> Whenever I see these kinds of video processing on real time, I just want to drop everything and work on that.
Personally, I find AI too much of a "fuzzy black box" thing to be really interested in it. I have to agree that the applications are often truly marvelous. But the fact that, for example, training neural nets is often more of an art than a science is holding me back to step into the field.
I like to work on a problem, think it through, and be 99% sure that it will work before I have even written one line of code. With AI, it is more like "let's try this and see if it works".
Personally, I find AI too much of a "fuzzy black box" thing to be really interested in it.
That's because artificial intelligence is subject to eternally moving goalposts. Any technology which we are fully able to understand ceases to be intelligent; it is relegated to the status of mere "algorithm".
We understand machine learning itself, it's the problem space that needs to be understood. That's why it is such a black box - you never know the complexity of the model you need to build before you tackle it.
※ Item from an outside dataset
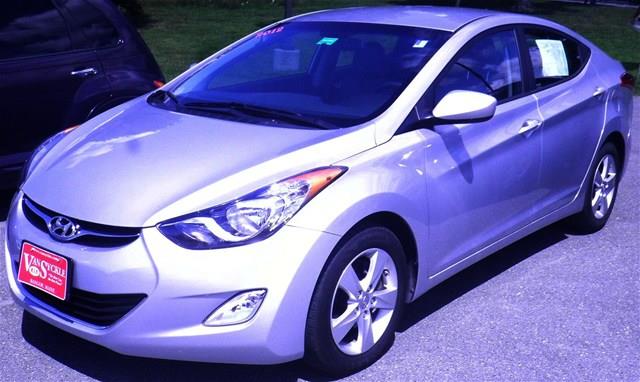 Hyundai Elantra 2012 photo 4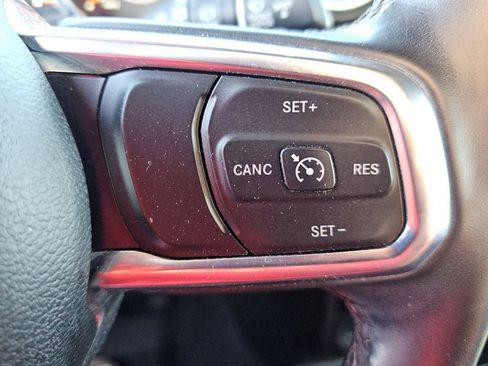 Used 2020 Jeep Wrangler Unlimited Sahara image 17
Yes, the truly interesting models are hard to analyze but, to paraphrase, if intelligence was simple enough that we could understand it, we would be so simple we couldn't.
Personally, I find AI too much of a "fuzzy black box" thing to be really interested in it. I have to agree that the applications are often truly marvelous. But the fact that, for example, training neural nets is often more of an art than a science is holding me back to step into the field.
I like to work on a problem, think it through, and be 99% sure that it will work before I have even written one line of code. With AI, it is more like "let's try this and see if it works".